Сердце ее мучительно сжалось. Она открыла дверь комнаты, взяла его за руку, увлекая за собой.
Оливия окончательно успокоилась. Ощущение безысходности уступило место странному неведомому чувству. Вдруг захотелось, чтобы Эдвард безраздельно принадлежал только ей.
– Останьтесь со мной. В ее голосе слышалось настоящее отчаяние. Казалось, в эту минуту она бросает вызов. Но голос был мягким и мелодичным, как у феи или сирены.
Еще никогда Эдвард не испытывал к ней такого желания, хотелось повалить ее на кровать, но он понимал, что этого нельзя допустить. Она расстроена, обижена, сама не ведает, что творит. Ему не хотелось использовать ее состояние в своих порочных целях.
– Оливия, сегодняшний вечер был очень тяжелым для всех, и потому… – Он не успел закончить.
– Вы нужны мне, Эдвард. Неужели не понимаете?
– Вам нужно отдохнуть, выспаться. Завтра опять сложный день, и потому…
Черты ее лица исказились от гнева.
– И потому вы опять собираетесь уложить меня спать? Будете, как вчера, подтыкать мне одеяло? Нет уж, спасибо. Я взрослый человек, поймите вы, наконец! Вы обращаетесь со мной как с невинным ребенком, а на самом деле… На самом деле я испорченная девочка. И сейчас это докажу.
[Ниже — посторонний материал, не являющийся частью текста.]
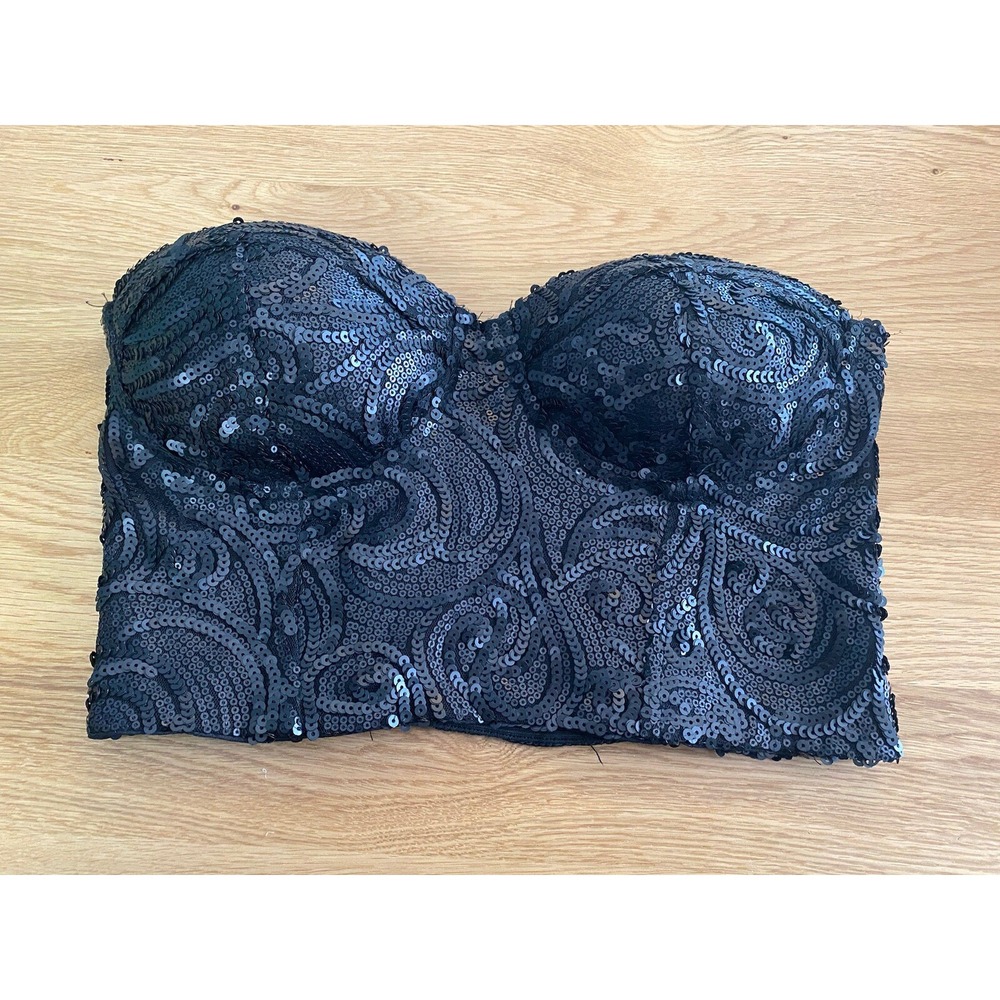 Charlotte Russe Womens Bustier SZ M Strapless Sequin Corset Top Side Zip Vintage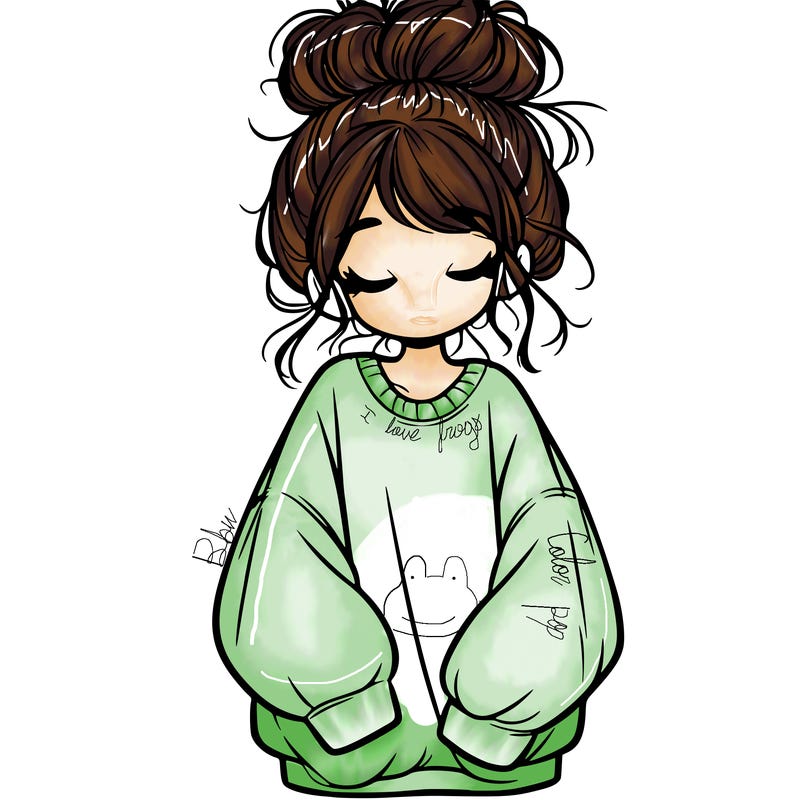 girl with baggy sweatshirt and messy bun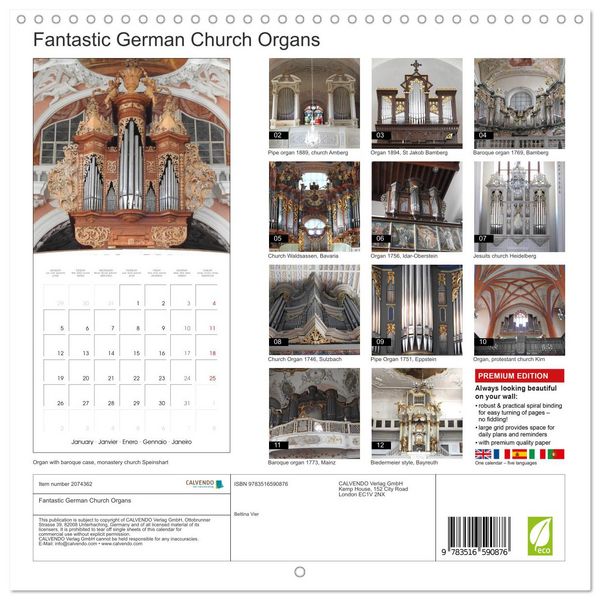 Produktbild: Fantastic German Church Organs (Wall Calendar 2026 12 &times; 12 Inch) CALVENDO 12 Month Wall Calendar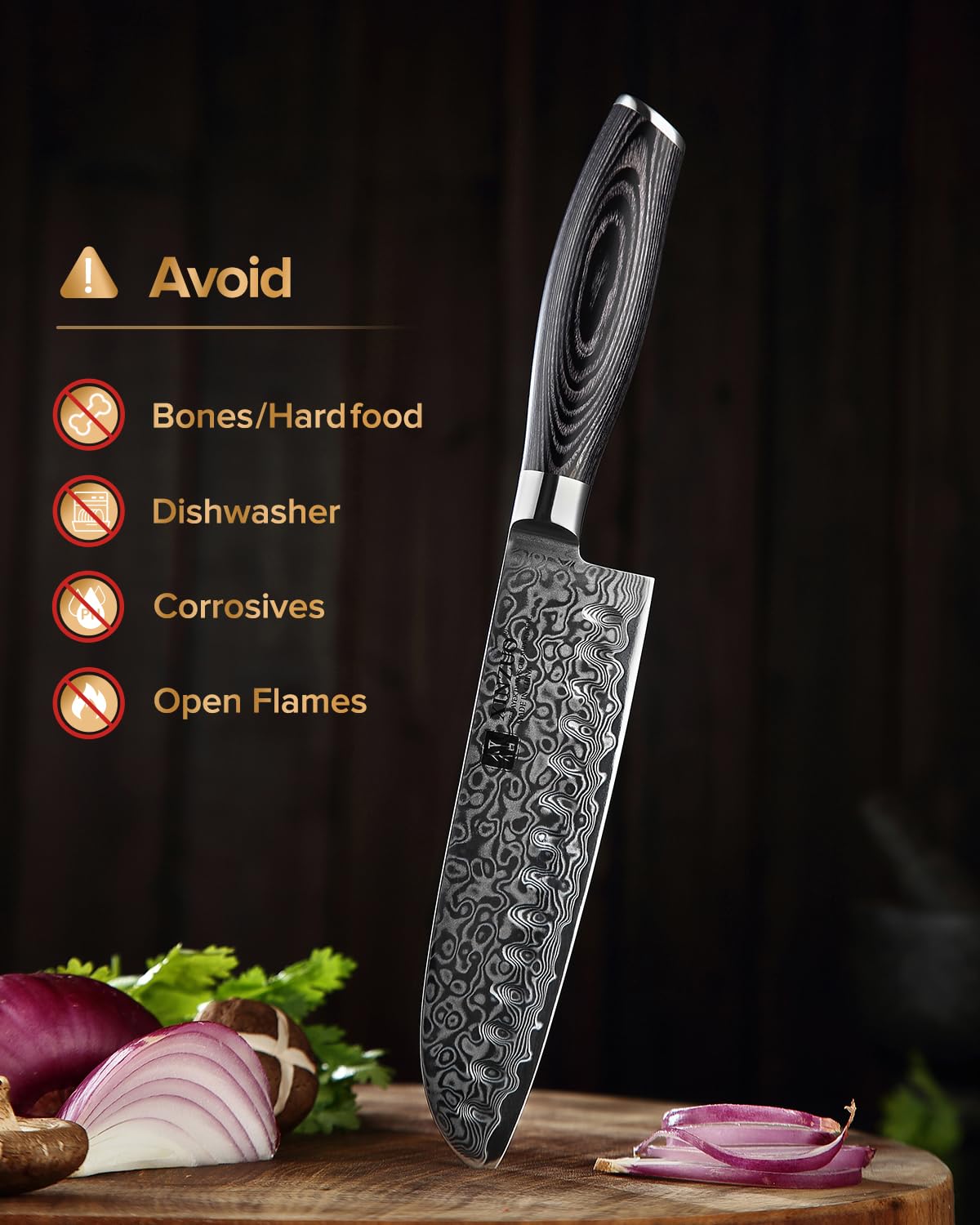 XINZUO 5-Piece Kitchen Knife,Super Sharp Damascus Steel Professional Chef Knife Set with Pakkawood Handle, Gift Box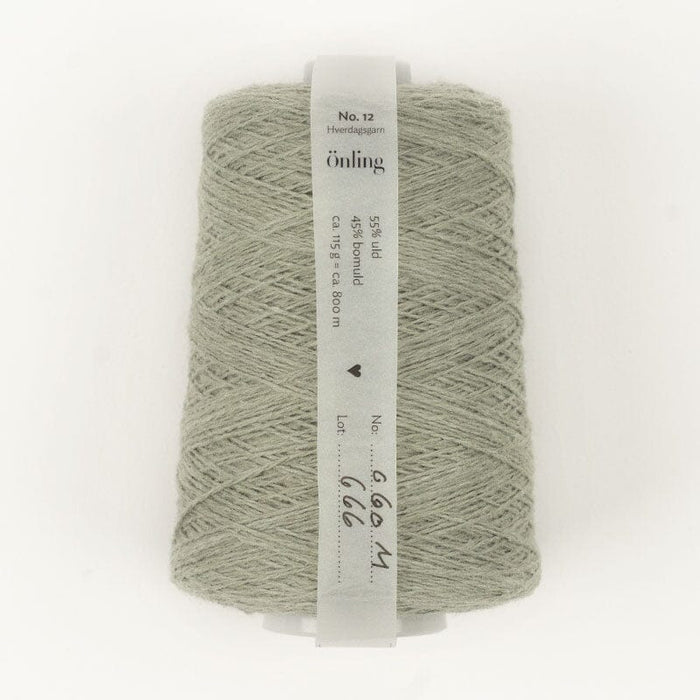 Önling No 12: All - season wool and cotton blend yarn - Sage green melange (060m)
Она резким движением расстегнула молнию, платье упало на пол.
Эдвард стоял как громом пораженный, понимал, что должен остановить Оливию, но не успел. Плоть его затвердела и заметно увеличилась в размерах. На Оливии ничего не было, кроме крошечных черных трусиков. Вот-вот и они упадут.
Он не отрываясь, в восхищении смотрел на нее, в очередной раз поражаясь совершенству ее тела. Соски ее затвердели от возбуждения. Эдварду вспомнился их неповторимый вкус. Нет, он не имеет права использовать ее истерику.
– Оливия, что вы делаете?
– А как вы думаете? Собираюсь отдаться вам. Преподношу себя на тарелочке.
В голосе сквозило раздражение. Лицо исказилось от гнева. Но во взгляде читалась немая мольба. Глаза ее были почти детскими.
Медленно и осторожно он двинулся к ней:
– Если вы решили отдаться мне, я, конечно, не против. Но подумайте, что вы будете делать потом?
Оливия вздрогнула, ему показалось, что она смутилась, словно только сейчас поняла, что происходит, и отступила от него на шаг. Прежняя уверенность покинула ее. Эдвард скинул пиджак и подошел ближе. Тело ее сотрясала нервная дрожь. Он терпеливо ждал, пока она успокоится. Когда ее волнение немного улеглось, он осторожно накинул ей на плечи пиджак.